WORK ORDER —
Write out all entries word for word.

Extracted data entries —
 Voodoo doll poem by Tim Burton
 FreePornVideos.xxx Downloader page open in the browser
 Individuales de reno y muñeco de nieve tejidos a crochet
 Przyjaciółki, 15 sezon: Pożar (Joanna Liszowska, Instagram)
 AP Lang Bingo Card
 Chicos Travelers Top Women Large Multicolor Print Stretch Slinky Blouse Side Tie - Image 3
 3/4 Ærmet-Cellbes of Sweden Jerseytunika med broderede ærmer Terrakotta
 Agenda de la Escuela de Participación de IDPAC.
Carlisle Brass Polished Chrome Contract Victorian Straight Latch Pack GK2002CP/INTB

ANSWER TO THIS TASK —
 Voodoo doll poem by Tim Burton
 FreePornVideos.xxx Downloader page open in the browser
 Individuales de reno y muñeco de nieve tejidos a crochet
 Przyjaciółki, 15 sezon: Pożar (Joanna Liszowska, Instagram)
 AP Lang Bingo Card
 Chicos Travelers Top Women Large Multicolor Print Stretch Slinky Blouse Side Tie - Image 3
 3/4 Ærmet-Cellbes of Sweden Jerseytunika med broderede ærmer Terrakotta
 Agenda de la Escuela de Participación de IDPAC.
Carlisle Brass Polished Chrome Contract Victorian Straight Latch Pack GK2002CP/INTB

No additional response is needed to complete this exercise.